The material, synthesised by research leader Matthew Hill of the Australian research agency CSIRO and colleagues at Monash University in Melbourne, is a metal-organic framework or MOF, a class of highly porous materials already well-known for their ability to store gases. Made by joining together clusters of metal atoms with organic bridging molecules known as ligands, MOFs can have internal surface areas as high as 10,000m2 — larger than the pitch at Wembley Stadium — per gramme.
This particular MOF is the first to be made photosensitive.
‘The MOFs are impregnated with light-responsive azobenzene molecules which react to UV light and trigger the release of CO2,’ explained researcher Richelle Lyndon. ‘It is this reaction, and the material’s ability to bend and flex, which makes the material we have created so unique.’

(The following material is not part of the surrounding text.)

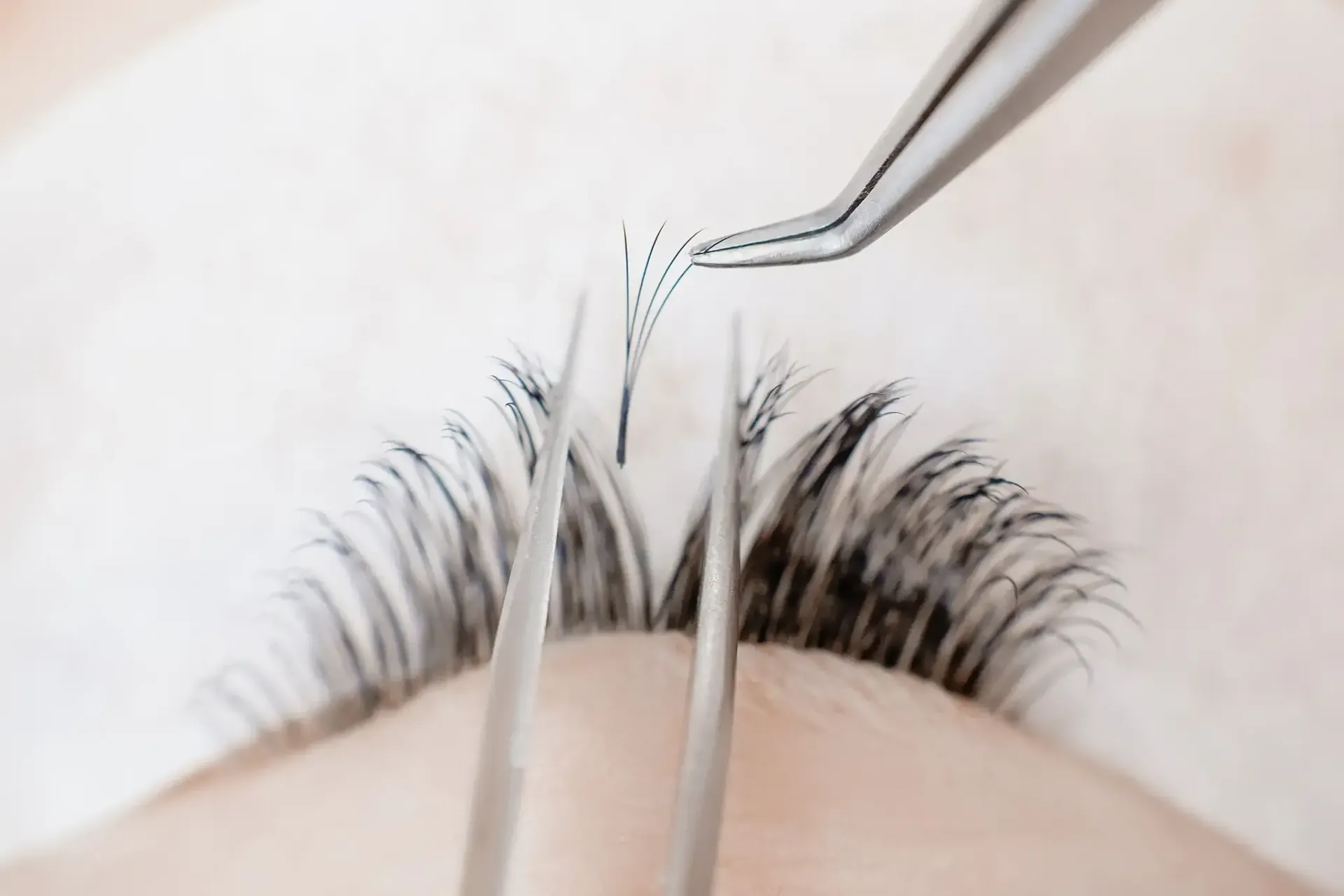 Extensiones de pestañas aplicadas con pinzas, primer plano del ojo.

Current CCS techniques tend to use ammonia-based liquids to absorb CO2 from flue gas streams, which must then be heated to release the CO2 into storage and regenerate the absorbent. This can consume up to 30 per cent of the production capacity of a power plant, and is a major contributor to the difficulty of making CCS cost-effective.
In a paper published in the journal Angewandte Chemie, Lyndon and team claim that the azobenzene-containing MOF releases up to 64 per cent of the CO2 it has absorbed instantaneously when exposed to concentrated UV frequencies found in sunlight.

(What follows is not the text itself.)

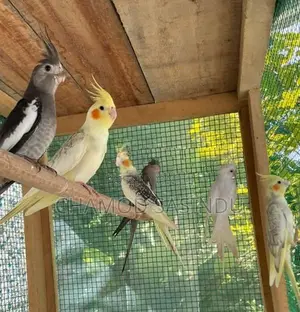 Cocktail Birds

This could drastically reduce the cost of CCS, eliminating the loss of energy to regenerating absorbents.
The MOF created at Monash has a particular affinity to CO2, Lyndon said in a statement, but the ligh-responsive azobenzene ligands could be incorporated into different MOFs to make a material that can absorb different gases. Other MOFs have been investigated as hydrogen or methane storage materials for vehicles.